Sur les cours criminelles, nous partageons avec le Sénat le constat d'une expérimentation encourageante qui mérite d'être généralisée, notamment pour limiter dans le temps la coexistence des régimes de jugement de crimes. Nous avons entendu les objections des sénateurs sur une expérimentation qui n'est pas allée jusqu'à son terme et qui s'est déroulée pendant la crise sanitaire. Nous sommes donc convenus d'en acter la généralisation mais d'en reporter l'entrée en vigueur à 2023, ce qui permettra au Parlement de procéder à une évaluation détaillée, voire à des ajustements.

S'agissant de l'avocat honoraire, nous avons privilégié la proposition d'Antoine Savignat et de moi-même de limiter l'expérimentation aux cours criminelles. En effet ces cours criminelles ont besoin d'un vivier d'assesseurs et elles bénéficieront davantage du regard extérieur d'un professionnel du droit.

Sur l'exécution des peines, nous favorisons l'accompagnement des détenus en fin de peine au travers d'un mécanisme de libération sous contrainte de droit pour les personnes condamnées à moins de deux ans d'emprisonnement et dont le reliquat de peine est inférieur à trois mois.

Quant au devoir de vigilance des sociétés mères et des donneurs d'ordre, la nécessité de clarifier la question de la compétence juridictionnelle a été reconnue de tous. l'Assemblée nationale préconisait la désignation d'un ou plusieurs tribunaux judiciaires, le Sénat optant, quant à lui, pour le seul tribunal de commerce de Paris. La CMP a retenu un unique tribunal judiciaire, celui de Paris.

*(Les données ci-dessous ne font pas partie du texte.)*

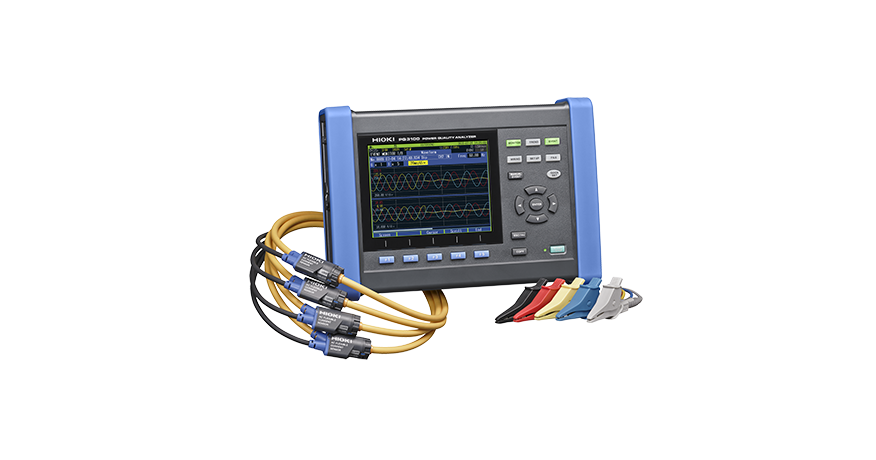 Hioki PQ3198 Power Quality Analyzer For Easy Investigations of Power Characteristics and Problems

Je dois conclure en évoquant ce qui est, à mes yeux, la plus grande incompréhension de ces textes. Le Gouvernement comme le Parlement ont beaucoup travaillé et consulté afin de renforcer la protection des droits de la défense et du secret professionnel des avocats. Le droit actuel et la jurisprudence récente, je le rappelle, les ont bien mis à mal.

Avec l'article 3, nous avons restauré le principe du secret professionnel. Nous avons soumis au juge des libertés et de la détention (JLD) les perquisitions au cabinet et au domicile d'un avocat et conditionné ces actes à des éléments préalables sérieux. Nous avons même protégé les correspondances de l'avocat quand elles sont saisies dans un autre lieu. Nous avons soumis au même régime strict les communications de fadettes et les écoutes. Pour obtenir un accord avec le Sénat, nous avons simplement allégé le principe d'inopposabilité dans des cas très limités, touchant aux seuls conseils et à l'occasion de la commission de graves infractions économiques et fiscales, particulièrement délétères pour notre contrat social. Je le répète, dans le texte de la commission mixte paritaire, les documents non couverts par le secret sont peu nombreux, en tout cas bien moins nombreux qu'aujourd'hui : quiconque lit honnêtement le texte ne peut le nier, c'est un pas de géant dans la bonne direction. Des affaires judiciaires dans lesquelles la Cour de cassation a autorisé la surveillance d'avocats ne pourraient avoir lieu avec ces nouvelles dispositions.

Force m'est néanmoins de constater avec une grande amertume que les intentions que les professionnels prêtent encore au ministre et aux parlementaires sont exactement l'inverse. Chers collègues, mon engagement politique s'inscrit dans la recherche du bien commun. Le Conseil national des barreaux (CNB) notamment nous appelle à retirer ces dispositions : c'est inacceptable. Si les représentants des avocats souhaitent que se perpétuent la jurisprudence des fadettes et la pratique des écoutes, s'ils veulent que rien ne change dans le régime des perquisitions, eh bien, disons-le, le Parlement, lui, ne l'acceptera pas.